Ich habe ein JPanel mit Layout null(Ich weiss das ist böse), ist aber nunmal mein 1. GUI und will jetzt nicht alles umkrempeln.
Meine Frage an euch: Ich möchte jetzt Border erstellen, und selber bestimmen wo die beginnen etc.
Ich habe schon gegoogelt und BorderFactory gefunden, aber das geht nicht, da ich ja alle Buttons etc. in nem JPanel habe. Und ich mehrer Buttons z.B. umrahmen möchte.
Könnt Ihr mir Tipps geben, wie ich am besten vorgehen soll?
Oder mit welchen Paketen, Methoden?

Am besten wärs natürlich wenn jmd ne Seite oder so kennt wos auch ein Tutorial dazu gibt 

Gruss
Cedi


----------



## c_sidi90 (24. Jul 2012)

How to Use Borders (The Java™ Tutorials > Creating a GUI With JFC/Swing > Using Swing Components) 

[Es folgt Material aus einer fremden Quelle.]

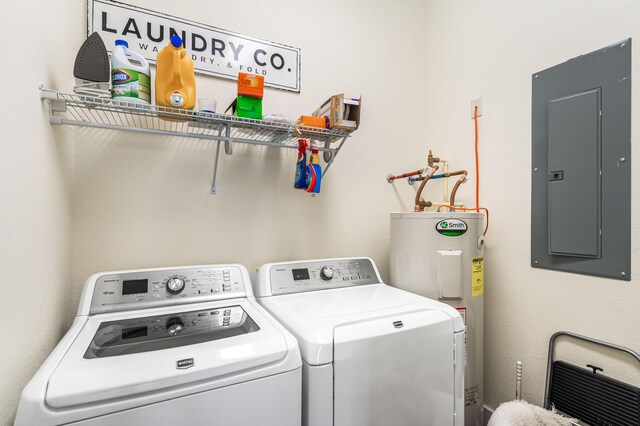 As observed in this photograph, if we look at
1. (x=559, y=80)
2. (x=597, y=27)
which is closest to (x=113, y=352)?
(x=559, y=80)

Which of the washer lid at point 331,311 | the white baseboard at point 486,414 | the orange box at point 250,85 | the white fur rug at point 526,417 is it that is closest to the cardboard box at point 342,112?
the orange box at point 250,85

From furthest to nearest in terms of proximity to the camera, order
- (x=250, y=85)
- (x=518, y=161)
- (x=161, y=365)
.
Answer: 1. (x=518, y=161)
2. (x=250, y=85)
3. (x=161, y=365)

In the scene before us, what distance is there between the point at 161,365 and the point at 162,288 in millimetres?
519

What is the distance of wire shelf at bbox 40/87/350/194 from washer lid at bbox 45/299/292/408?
2.36 ft

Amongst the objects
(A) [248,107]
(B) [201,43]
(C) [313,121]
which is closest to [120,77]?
Result: (A) [248,107]

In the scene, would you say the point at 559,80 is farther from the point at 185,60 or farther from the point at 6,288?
the point at 6,288

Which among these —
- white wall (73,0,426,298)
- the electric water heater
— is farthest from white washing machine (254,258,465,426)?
white wall (73,0,426,298)

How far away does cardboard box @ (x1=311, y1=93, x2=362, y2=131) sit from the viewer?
1421mm

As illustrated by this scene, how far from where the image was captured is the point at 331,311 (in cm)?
112

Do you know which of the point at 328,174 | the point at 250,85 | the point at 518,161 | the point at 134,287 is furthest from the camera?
the point at 328,174

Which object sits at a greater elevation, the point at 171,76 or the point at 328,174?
the point at 171,76

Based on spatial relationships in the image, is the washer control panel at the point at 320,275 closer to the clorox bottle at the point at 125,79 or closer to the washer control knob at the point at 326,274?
the washer control knob at the point at 326,274

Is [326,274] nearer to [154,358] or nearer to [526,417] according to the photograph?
[154,358]

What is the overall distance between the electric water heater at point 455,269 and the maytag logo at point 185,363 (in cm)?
115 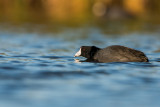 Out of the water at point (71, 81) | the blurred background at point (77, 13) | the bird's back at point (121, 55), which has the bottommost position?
the water at point (71, 81)

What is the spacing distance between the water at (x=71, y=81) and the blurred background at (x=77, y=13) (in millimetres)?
12207

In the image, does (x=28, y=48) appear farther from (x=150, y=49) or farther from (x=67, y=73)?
(x=67, y=73)

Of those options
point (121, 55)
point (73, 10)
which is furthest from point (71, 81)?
point (73, 10)

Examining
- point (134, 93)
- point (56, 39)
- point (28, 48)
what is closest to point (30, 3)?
point (56, 39)

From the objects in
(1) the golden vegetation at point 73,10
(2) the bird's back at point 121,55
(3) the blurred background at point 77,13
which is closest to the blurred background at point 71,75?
(2) the bird's back at point 121,55

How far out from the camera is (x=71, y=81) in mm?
6914

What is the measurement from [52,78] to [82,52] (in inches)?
130

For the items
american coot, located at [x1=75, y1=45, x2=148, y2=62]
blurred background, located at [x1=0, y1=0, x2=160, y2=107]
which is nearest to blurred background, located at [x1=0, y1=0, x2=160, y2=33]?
blurred background, located at [x1=0, y1=0, x2=160, y2=107]

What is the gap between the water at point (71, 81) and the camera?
17.8ft

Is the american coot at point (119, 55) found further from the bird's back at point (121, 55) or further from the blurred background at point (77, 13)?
the blurred background at point (77, 13)

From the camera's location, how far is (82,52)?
409 inches

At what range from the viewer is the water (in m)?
5.43

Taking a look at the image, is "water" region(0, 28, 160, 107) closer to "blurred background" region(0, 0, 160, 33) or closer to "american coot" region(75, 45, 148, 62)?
"american coot" region(75, 45, 148, 62)

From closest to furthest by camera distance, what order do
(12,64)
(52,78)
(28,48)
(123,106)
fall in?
(123,106) → (52,78) → (12,64) → (28,48) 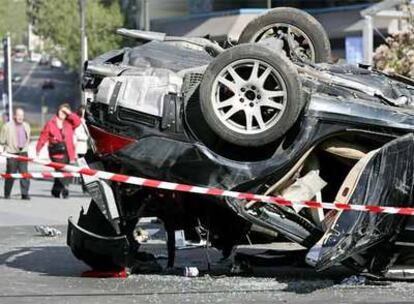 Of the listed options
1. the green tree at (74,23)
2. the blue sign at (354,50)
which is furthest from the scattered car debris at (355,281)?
the green tree at (74,23)

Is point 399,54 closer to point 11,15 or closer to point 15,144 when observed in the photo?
point 15,144

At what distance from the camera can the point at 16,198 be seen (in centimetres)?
1802

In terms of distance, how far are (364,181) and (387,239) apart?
1.72 feet

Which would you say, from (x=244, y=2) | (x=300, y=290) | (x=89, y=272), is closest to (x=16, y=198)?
(x=89, y=272)

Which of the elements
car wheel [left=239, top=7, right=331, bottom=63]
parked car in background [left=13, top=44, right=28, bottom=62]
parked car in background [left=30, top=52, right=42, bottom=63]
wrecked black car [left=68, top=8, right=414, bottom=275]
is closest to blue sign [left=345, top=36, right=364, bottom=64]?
car wheel [left=239, top=7, right=331, bottom=63]

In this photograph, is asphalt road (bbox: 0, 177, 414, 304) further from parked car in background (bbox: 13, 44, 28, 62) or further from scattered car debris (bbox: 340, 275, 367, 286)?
parked car in background (bbox: 13, 44, 28, 62)

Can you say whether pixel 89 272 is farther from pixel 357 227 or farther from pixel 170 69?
pixel 357 227

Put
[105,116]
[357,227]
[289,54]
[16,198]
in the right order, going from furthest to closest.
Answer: [16,198] < [289,54] < [105,116] < [357,227]

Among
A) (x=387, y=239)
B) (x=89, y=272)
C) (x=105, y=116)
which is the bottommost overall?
(x=89, y=272)

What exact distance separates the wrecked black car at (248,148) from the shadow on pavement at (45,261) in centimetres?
48

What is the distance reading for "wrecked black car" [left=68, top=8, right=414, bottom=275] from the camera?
7879 millimetres

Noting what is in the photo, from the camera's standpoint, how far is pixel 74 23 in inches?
2200

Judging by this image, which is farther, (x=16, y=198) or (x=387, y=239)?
(x=16, y=198)

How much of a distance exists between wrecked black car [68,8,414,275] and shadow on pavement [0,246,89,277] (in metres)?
0.48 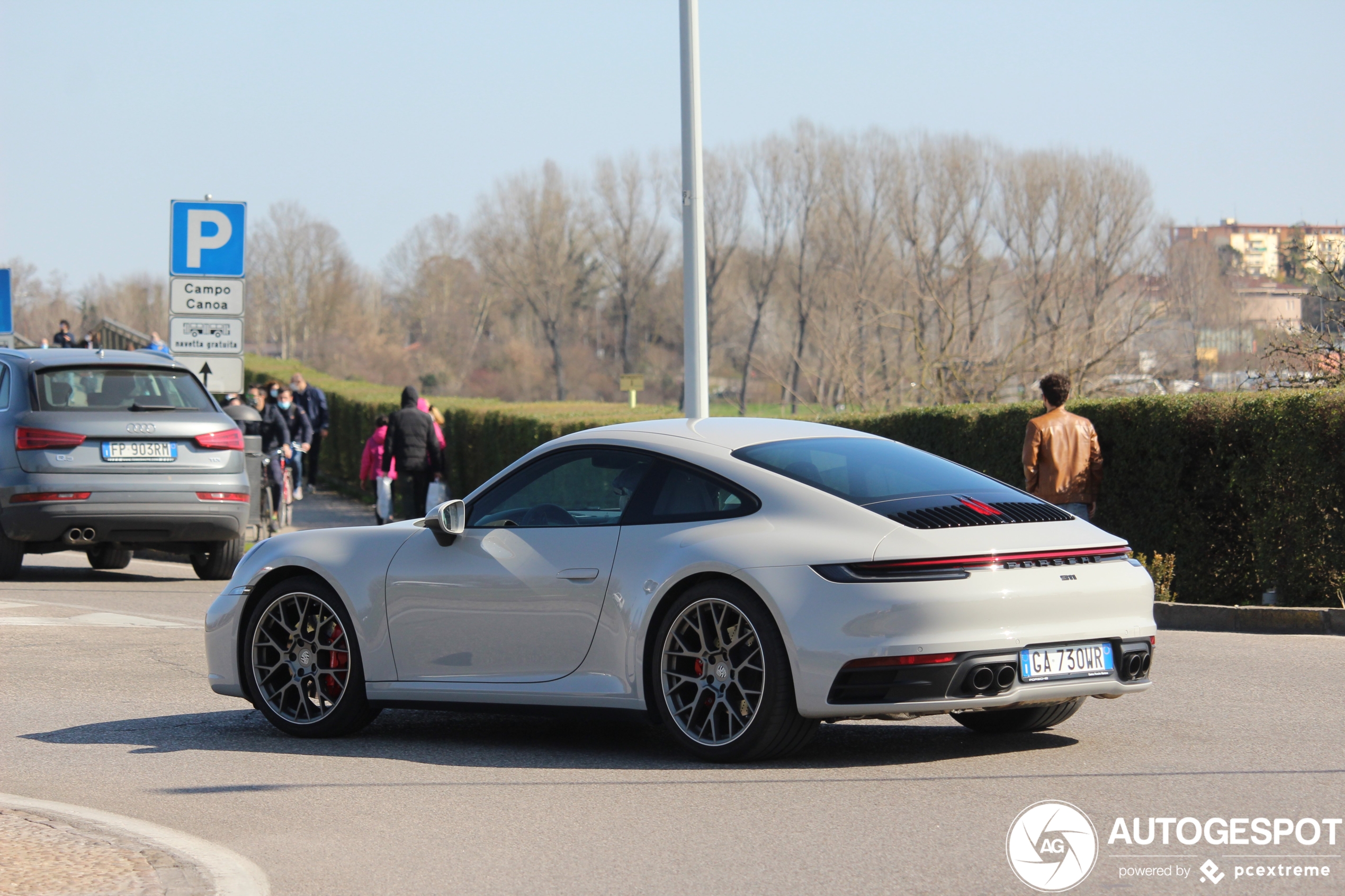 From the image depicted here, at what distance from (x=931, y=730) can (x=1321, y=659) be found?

Da findest du eigentlich alles zum Thema Border. Was mich interessiert, warum sollte jemand einen Border um einen Button machen wollen? Buttons haben standardmäßig sowieso ein Raised Border.


----------



## Cedist (24. Jul 2012)

Ja, um mehrere Buttons und Lables mit einem Abstand zum Button, ich will sozusagen, gewisse Teile des GUI's abgrenzen. Ich hab wie 3 Zonen, welche zum Teil mehre Buttons, Checkboxen, labels etc. haben, und die 3 Teile will ich jetzt mit Hilfe von Borders abgrenzen.


----------



## c_sidi90 (24. Jul 2012)

Da würde ich eher mit verschiedenen Layouts arbeiten und getrennte Bereiche in separate Panels legen, welche wiederum einen Border bekommen. So ist es eigentlich auch üblich.

Für die Abstände gibt es layoutspezifische Methoden wie z.B. setHgap & vGap.

Ich würde dir die Variante mit verschiedenen Panels als Container für die jeweiligen Rubriken von Buttons empfehlen.

Struktur

JFrame
      -JPanel (BorderLayout)
           - ButtonPanel1 (z.B. FlowLayout) Layout setBorder & gaps


----------



## bygones (24. Jul 2012)

auch wenn du es nicht hoeren willst, nutz ein normales Layout. Ueberleg dir gut ob du die Zeit investieren willst ein sinnvolles Layout zu nutzen und dann die Vorteile dessen immer zu haben oder weiter und weiter dagegen zu kaempfen und einfach nur in Probleme zu rennen.


----------